Tessnet2 (Tesseract) is not returning the correct results - ways to improve output

781 views Asked by At

I am using tessnet2 (tesseract-ocr) in C# on following image:

Sample text image

This is my code:

var image = new Bitmap(@"D:\anuj\a2.jpg");
ocr.Init(@"D:\anuj\OCRTest\tessdata", "eng", false);
var result = ocr.DoOCR(image, Rectangle.Empty);
foreach (Word word in result)
    Console.Write("{0} ", word.Text);                    
Console.ReadLine();

which gives output: Icurumcretz j

What are ways to get proper resulted text as sample image is pretty clear and of good resolution and still not giving proper text.
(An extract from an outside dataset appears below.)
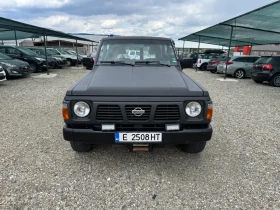 Nissan Patrol 2.8, снимка 1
What are the parameters that need to defined to get correct result. Please reply.

1

There are 1 answers

0
Janco de Vries On BEST ANSWER

You should try and some image processing on your image to improve your output of tesseract. OpenCV(EmguCV for C# I think) libraries can help you do some of those image processing methods. I used a small medianBlur on the image to reduce the noise and made a binary image out of it.

Segmented Image

Testing this image with tesseract gives me the following output: laurumoretz and some gibberish on the next line because I did not remove small blobs(characters from the sticker with the phonenumbers). So it's off by one but I did not use a correction to make the text appear fully lineair.

I hope this will give you a bit of an idea on how to improve the output of tesseract-ocr.